* _Exercise goal_
Among the entries below, only the lines from the one with "Barking Dog Toy" through the one with "Bed in Karczogród" are wanted, reproduced exactly. Pictures are not wanted.

* _Task inputs_
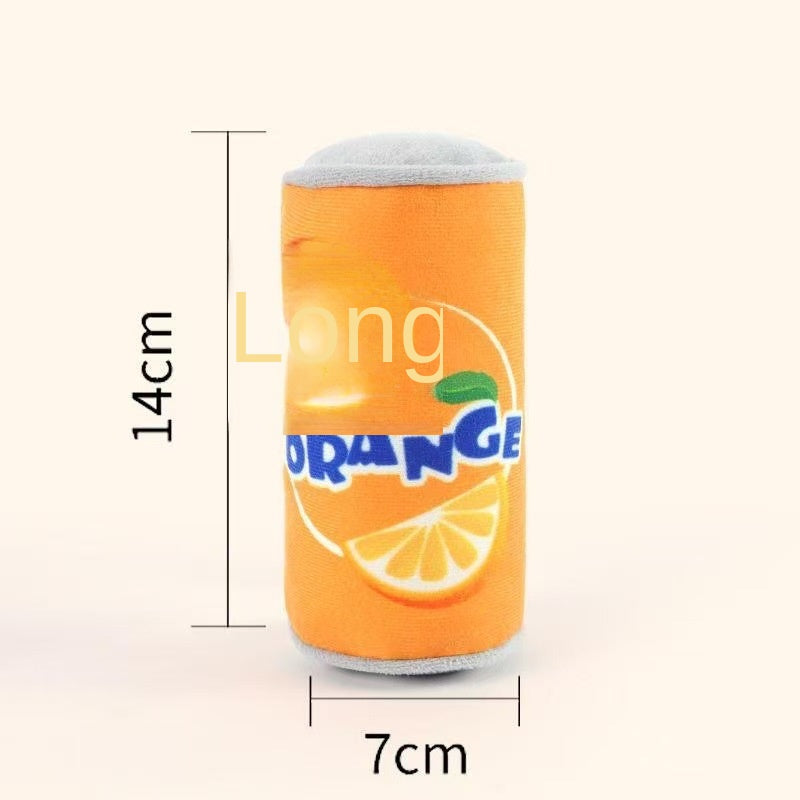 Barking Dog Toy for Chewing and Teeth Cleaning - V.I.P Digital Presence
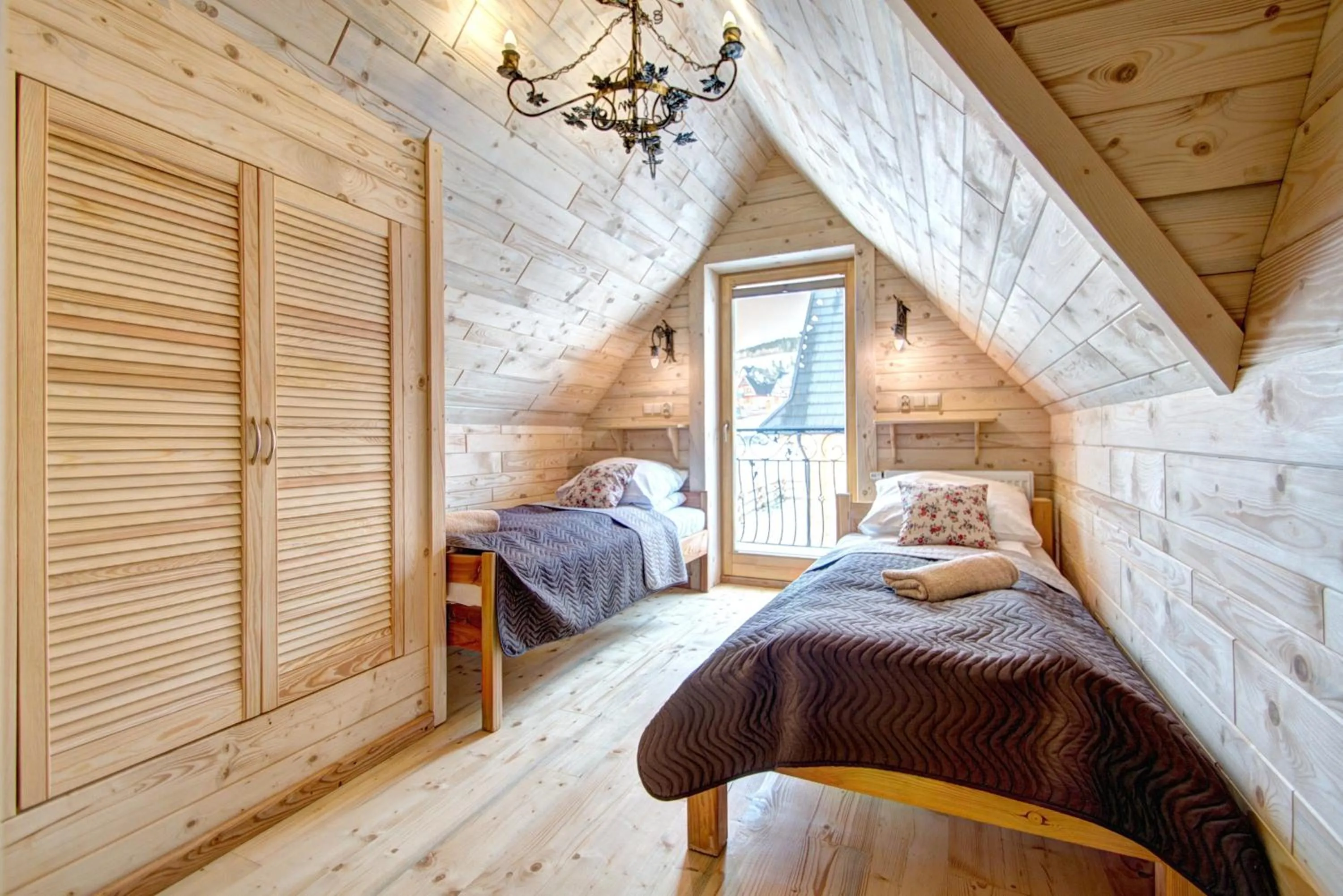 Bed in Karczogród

==

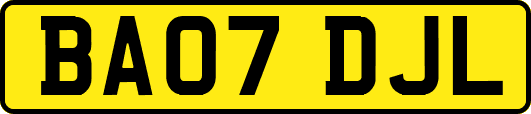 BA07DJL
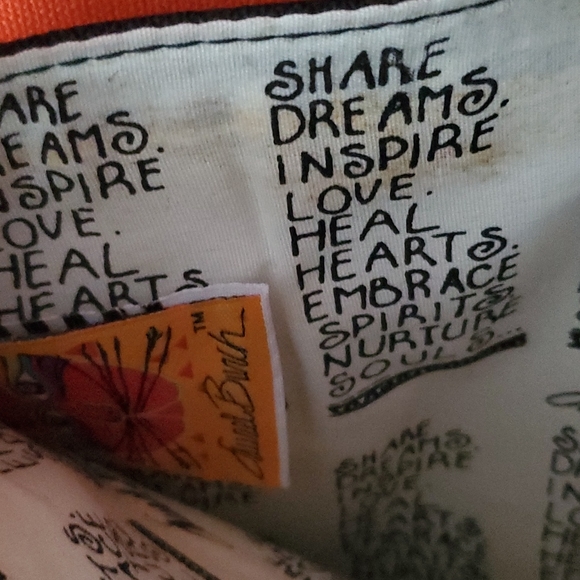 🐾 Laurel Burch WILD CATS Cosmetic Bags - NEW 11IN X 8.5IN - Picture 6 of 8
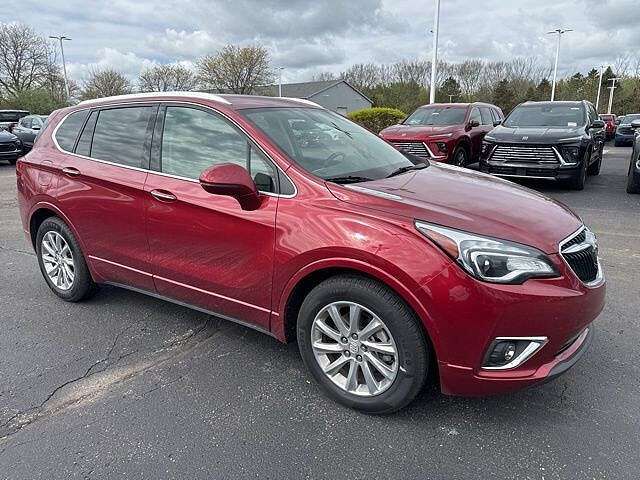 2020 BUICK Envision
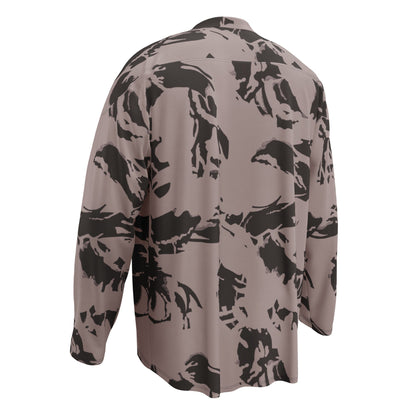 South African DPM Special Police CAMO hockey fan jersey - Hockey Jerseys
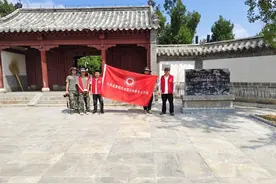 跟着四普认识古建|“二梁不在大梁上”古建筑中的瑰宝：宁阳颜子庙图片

* _Answer space_
 Barking Dog Toy for Chewing and Teeth Cleaning - V.I.P Digital Presence
 Bed in Karczogród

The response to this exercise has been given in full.